Kavgalar ve sürgün döneminden sonra uzun yıllar geçmişti. Refik Halit Karay İstanbul’da yaşıyordu. Yıl 1963... 70 yaşından sonra Bir Ömür Boyunca kitabını yazdı. Artık hayattan beklentisi yoktu. Geçmişi, yaşadıklarını ve Atatürk’ü anlattı. Elimde bu kitap... Bakınız Karay, eski düşmanı Atatürk için neler yazıyor:

"Eski ve yeni hiçbir nesle hoşgörünmek için çırpınmayan bir adamım. Zaten yaşım da beni o külfetlerden kurtarmaktadır. Gerçekten unumu elemiş, eleğimi duvara asmışım. Ne siyasi, ne de edebi bir isteğim kaldı. Ne mebus olmak, ne de Nobel ödülü kazanmak için hırs besliyorum...

Benim veya başkalarının anılarını okuyanlar ne devlerin cüce haline geldiğini, nasıl mum gibi eridiklerini, kardan yapılmış aslanlar gibi bir kucak çamurdan ibaret kaldıklarını görmüşlerdir.

Dev kalan kaç kişi var içlerinde?

Ömrüm boyunca tanıdıklarım arasında Atatürk’ten başka cüceleşmeyen dev yok."

Aşağıdaki satırları ise günümüzde "bazılarına" ders olacak nitelikte:

"Hayatta dev olmak galiba pek güç değil. Tarihte dev kalmak zor.

Siyaset, yalancı pehlivan üretilen bir fideliktir. Ya da mermer ve tunç yerine mukavvadan heykeller yapılan bir atölye, balmumundan garip ve biçimsiz karnaval kuklaları yetiştiren bir imalathanedir.

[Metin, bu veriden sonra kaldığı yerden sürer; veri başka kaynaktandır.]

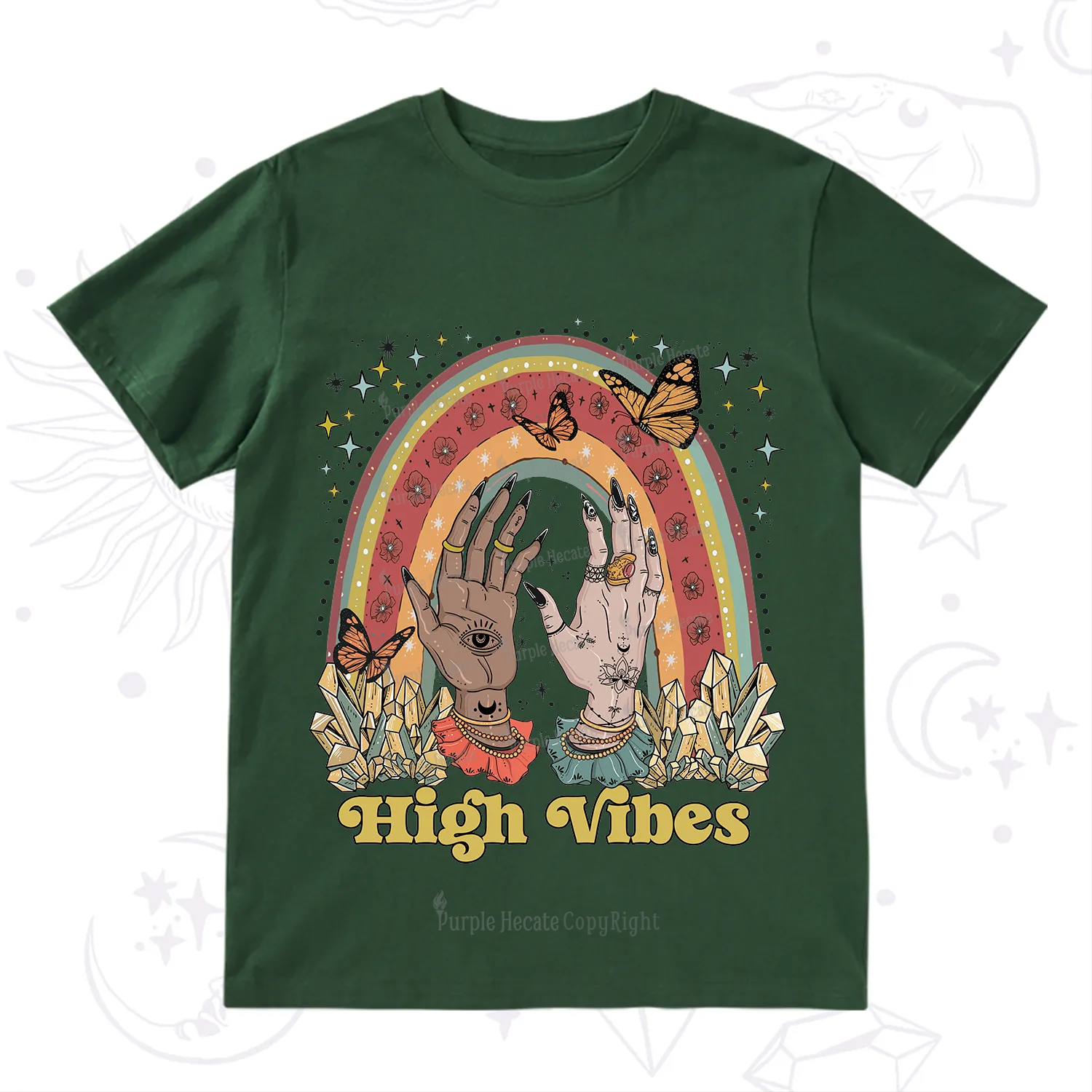 Purplehecate High Vibes T-Shirt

Arada, bir büyük adam da karışır içlerine.

Şöyle geriye baktığım zaman o siyaset serçeleri sürüsünde birkaç kanadı kırık leylekle, sonunda arpacı kumrusuna çevrilmiş dört beş mahzun kabartı görüyorum.

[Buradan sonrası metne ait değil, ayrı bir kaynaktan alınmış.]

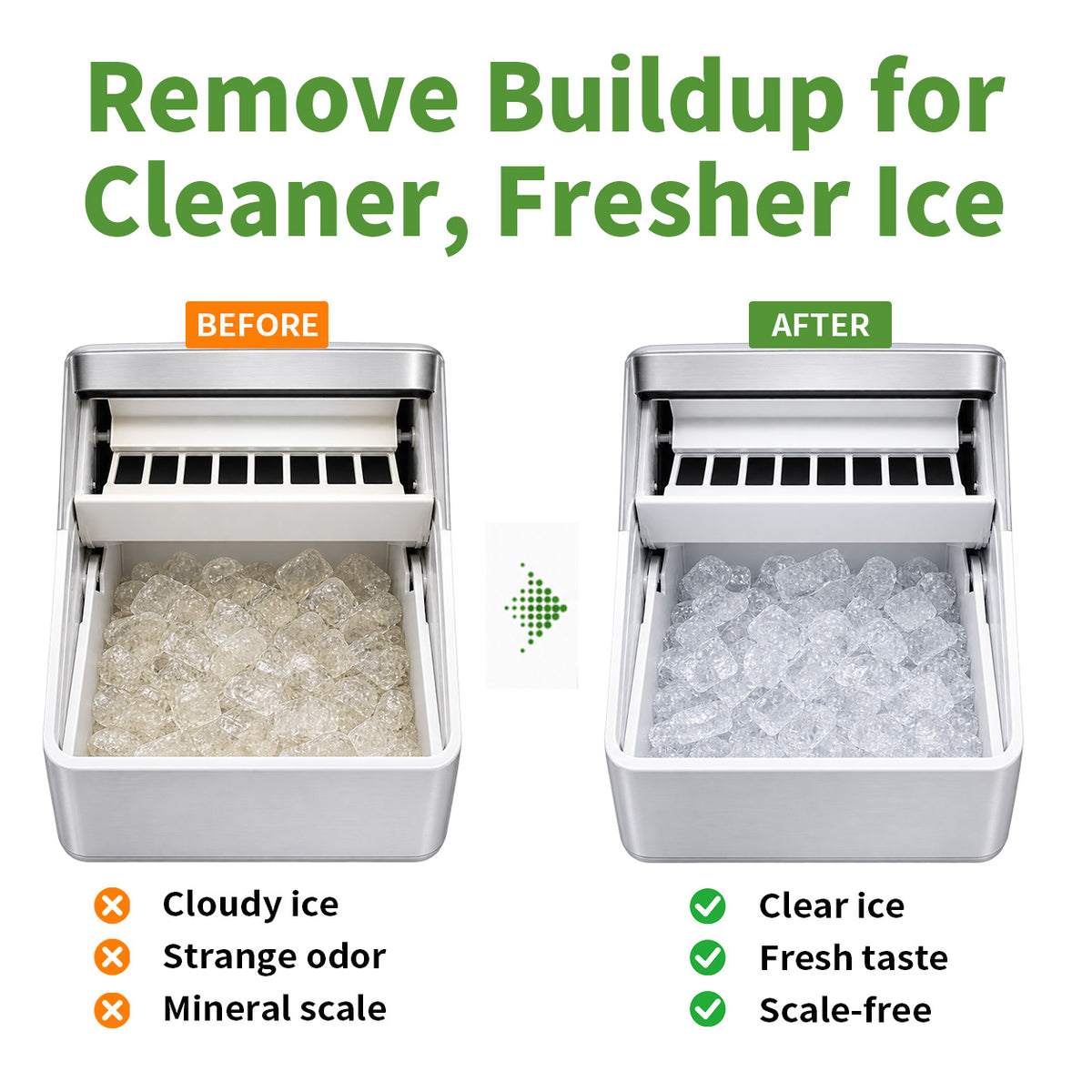 Ice Machine Cleaner Tablets, 24 Tablets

Şahin sandıklarımızın çoğu da leş kargası imiş meğerse!

Bir teki (Atatürk) hariç, çoktandır memlekette büyük adam yetişmemiştir..."

Ve amansız düşmanı, kitabında büyük adamı anlatmayı sürdürüyor:

"Şimdi düşünüyorum, bir Mustafa Kemal çıkıp milli şuur ve şerefimizi tazelemiştir.

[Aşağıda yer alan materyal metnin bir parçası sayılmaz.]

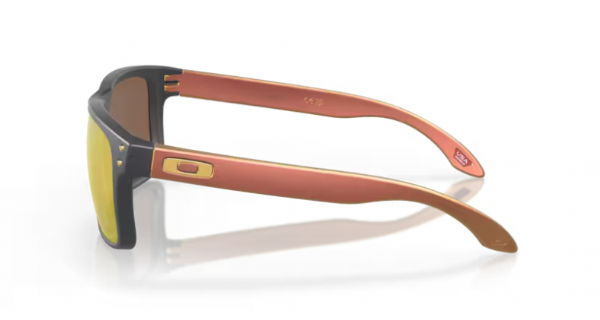 Oakley-Holbrook-Matte-Carbon-Prizm-24K-Polarized-zijkant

Atatürk ömrümüz boyunca bizleri kan ağlamaktan kurtarmıştır."

Evet!.. Bunları uzun yıllar İstiklal Harbi’ne ve Atatürk’e karşı çıkan, onun hakkında gazetelerde en ağır yazıları yazan, ismi hainlerden oluşan yüzellilikler listesine konulan, 16 yıl yurtdışında sürgün yaşayan ve sürgünde bile Suriye’de gazete çıkarıp muhalefet yapan Refik Halit Karay yazıyor.

Muhteşem bir tarih gerçeğidir.

Aradan yıllar geçmiş, hayatta hiçbir beklentisi kalmamış bir yazar, yukarıdaki satırları Atatürk’ün ölümünden tam 25 yıl sonra kaleme alıyor... Çünkü geçmişte yaptıklarını ve yaşadıklarını akıl ve mantık süzgecinden geçirmiş, gerçeği görmüş ve amansız karşıtı olduğu Atatürk’ün değerini anlamış.

Bugün 23 Nisan.

Bugün özellikle ülkemizdeki Atatürk düşmanı aymazlara, din bezirgánlarına, dinimizi kullanarak malı götüren ahlaksızlara, rahmetli Refik Halit Karay’dan bu örneği vermek istedim.